In many cases, no company wants to hold or manage wallets containing millions of dollars in stablecoins (or other crypto assets). Instead, they rely on custodians to store liquidity securely and insured. Custodians sit lower in the stack because nearly every application and service depends on them to safely store stablecoins.
Centralized Exchanges (CEXs) also play a pivotal role in the Financial Integration Layer. Through partnerships with liquidity providers and minting/redeeming services, CEXs settle large-scale crypto and fiat transactions. Holding reserves of both stablecoins and cash, they effectively facilitate trades between counterparties.
Finally, at the very base of the crypto payment stack are minting and redemption services or entities. Tether operates through a limited network that mints and redeems USDT, receiving cash directly into bank accounts or stablecoins via custodians. On the other hand, Circle’s Circle Mint allows qualified companies that pass Know Your Business (KYB) checks to mint and redeem USDC.
The Full Picture
The payment system is dynamic and highly interconnected. Each layer relies on tools, services, and providers from the layers beneath it.
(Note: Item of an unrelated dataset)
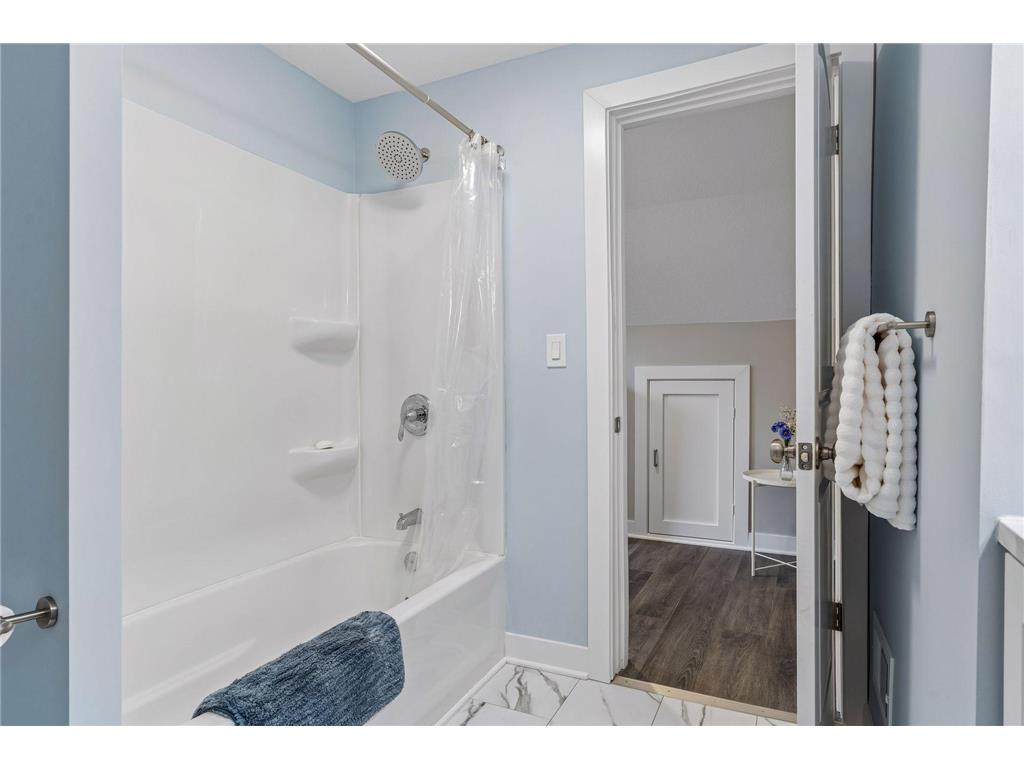 3154 Cleveland Street NE Minneapolis MN 55418 7052122 image28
Altogether, the crypto payment stack looks like this:

Final Thoughts
Stablecoin-powered payments represent one of the most impactful and adoptable use cases in crypto outside of BTC as digital gold.
@PlasmaFDN, as a blockchain purpose-built for stablecoin payments, is well-positioned—but I expect nearly every blockchain will eventually shift toward stablecoins and payments. To succeed, they must rethink their payment architectures, as EVM compatibility alone is no longer enough.

In conclusion, stablecoins truly represent a trillion-dollar opportunity, and those who occupy key positions within the payment stack will capture the greatest value.